In the days leading up to Passover, Jews pay special attention to searching their hearts removing any sin in their lives.
After sundown on the night Passover begins, the first seder (order) is held. The Passover seder is a ceremonial meal that serves as a remembrance of captivity and deliverance from Egypt. During the Seder, Jews drink four cups of wine for many symbolic reasons, though all lend to the representation of their redemption from slavery. Matzah (unleavened bread) is eaten during the seder and throughout the week of Passover in remembrance of when the Israelites fled Egypt in such a hurry, their dough hadn't time to rise, and was left unleavened. Bitter herbs are eaten with the matzo to symbolize the pain and bitterness of slavery. The seder is all conducted through the Haggadah (Jewish text), which retells, in detail, the Exodus story.
On the first day of the Festival, a corporate worship service is held commemorating the Jews leaving Egypt. A second service is held on the seventh day, commemorating the splitting of the Red Sea.
Followers of Jesus who celebrate Passover are struck by the Messianic significance embedded in the observance. During the traditional Jewish seder, the stripped and bruised matzah is broken, wrapped in a white linen, and temporarily hidden in the home, only to be searched for and discovered later by the children. This ancient tradition is reminiscent of our Savior, who was whipped, crucified, laid to rest in the tomb, and rose again.
The wine, which is customarily dripped onto a white plate, reminds of us the blood Messiah poured out for us so that we might be saved. He is our sacrificial lamb, the one that gives us the unmeasurable opportunity to appear before the Father as a new man, clean of sin. The parallels continue with every aspect of the traditional ceremony, and serves as confirmation that the Passover is still relevant today.
Christians, too, are to rid ourselves of leaven, as stated in 1 Corinthians 5, “Get rid of the old yeast, so that you may be a new unleavened batch—as you really are. For Messiah, our Passover lamb, has been sacrificed.”
The night before his torture and execution, we see Yeshua partaking of the Passover meal with the disciples. It was here that He lifted the matzah and wine, saying, “Take, eat; this is My body... Drink from it, all of you; for this is My blood of the covenant, which is being poured out for many for forgiveness of sins.”

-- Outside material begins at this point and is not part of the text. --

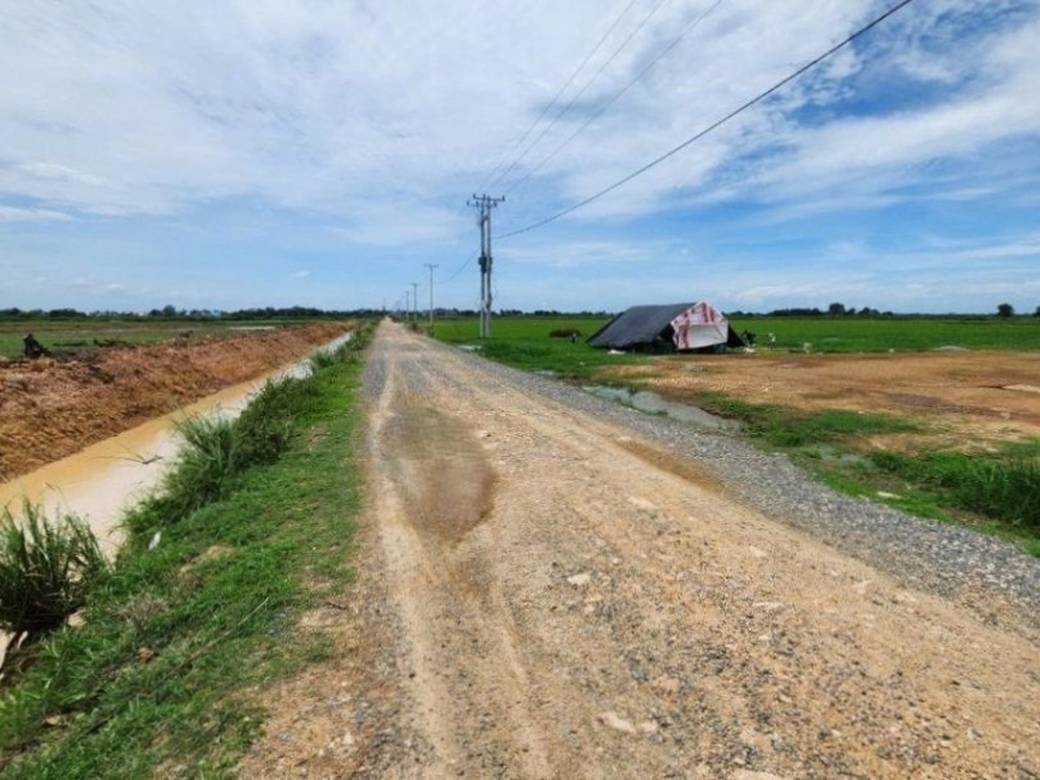Krang Yov ដី សំរាប់លក់ នៅ Krang Yov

When Christians celebrate Passover, we are participating in the remembrance of the greatest story ever given to mankind. We are teaching our children about the life, death, and resurrection of our Savior, the King of Israel. Passover reminds us that without the sacrifice of Messiah, we would be no different than the uncovered Egyptian houses in Exodus. But because we have chosen to mark our hearts with the shed blood of the Lamb, Believers are free to leave Egypt behind, and journey into the Land with songs of joy and great deliverance.
From our family to yours, I wish you a blessed and meaningful Passover!